ゆきまる

かもめ食堂のゆきまるのレビュー・感想・評価

かもめ食堂(2005年製作の映画)
4.1
好きな映画。テーマは「寂しさ」

主演女優、片桐はいりの著書「私のマトカ」に惹かれてこの作品を鑑賞&フィンランド旅行をした。
このエッセイは、主にフィンランドでのかもめ食堂の撮影中の出来事をつづっているのだが、その中に
「タンペレ(フィンランドの都市)は寂しさを煮詰めたような場所」という一文があり、これがフィンランドという国の雰囲気を見事に言い得ている。
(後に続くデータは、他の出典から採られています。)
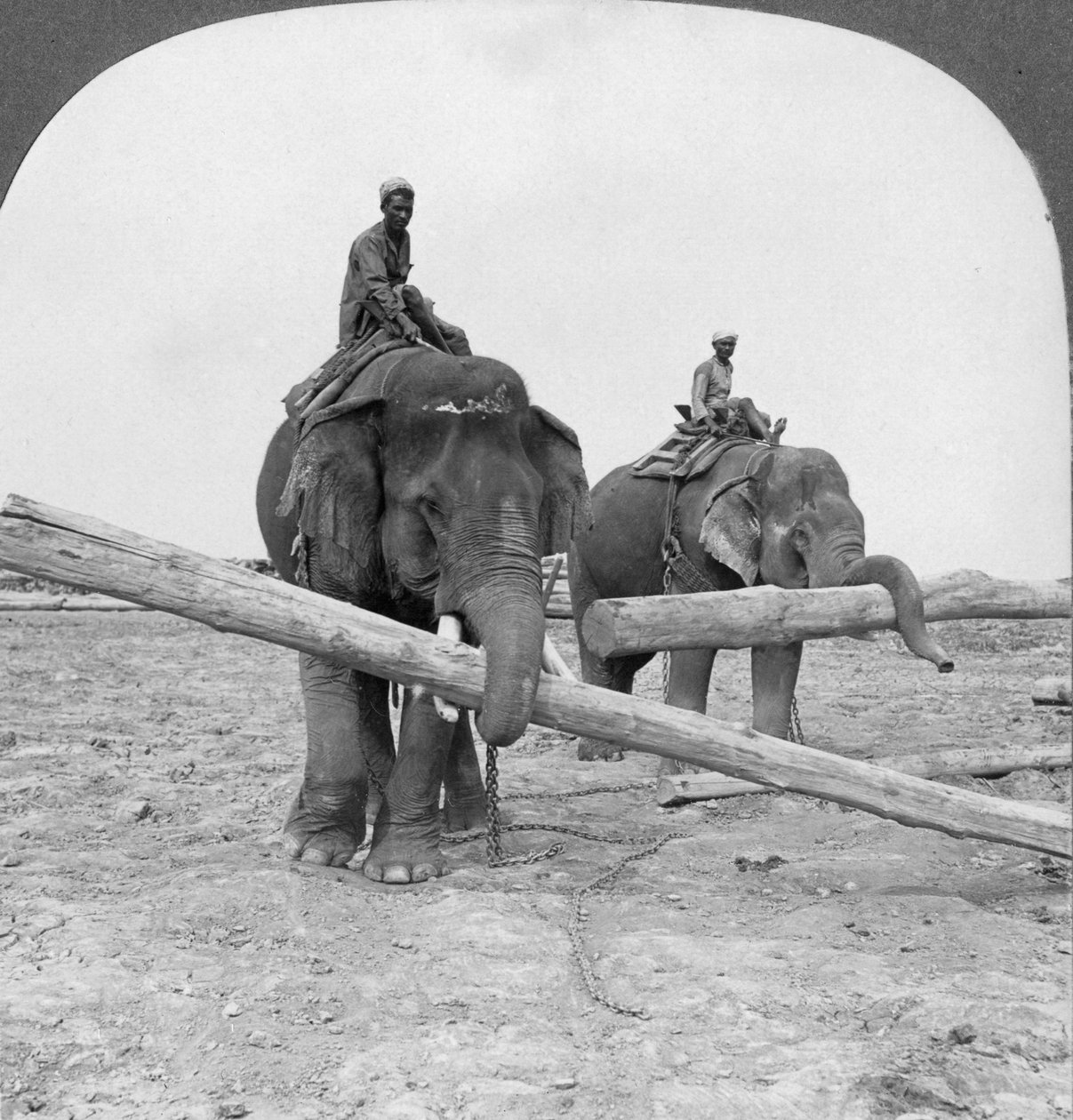Kereste bahçesinde çalışan filler, Rangoon, Burma, 1908 by Stereo Travel Co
フィンランドの美しく、静かな佇まいがストーリーの趣旨と映像にうまく取り入れられていて、観ていて深い感動があった。

かもめ食堂の登場人物は、どこかみんな寂しげ。寄る辺なさと諦観のもと淡々と生きる彼らが、かもめ食堂を通じて、ゆるやかにつながっていくという話。淡々とした会話劇と、無駄な演出の無さが登場人物のキャラクターを引き立て、リアリティを形成しつつ、ファンタジー要素も絶妙なバランスで配合しているのが巧い。

marimekkoにArabia にittalaー登場人物たちのファッションや、食器などのインテリア雑貨にも、自然と目を奪われ、見ていて楽しい。

エンディングに、井上陽水のcrazy love をもってきたところも最後にして大胆なチョイスでありながら、不思議と作品にマッチしていて、あまりのセンスの高さに唸らされてしまった。シンプルで完成度の高い作品。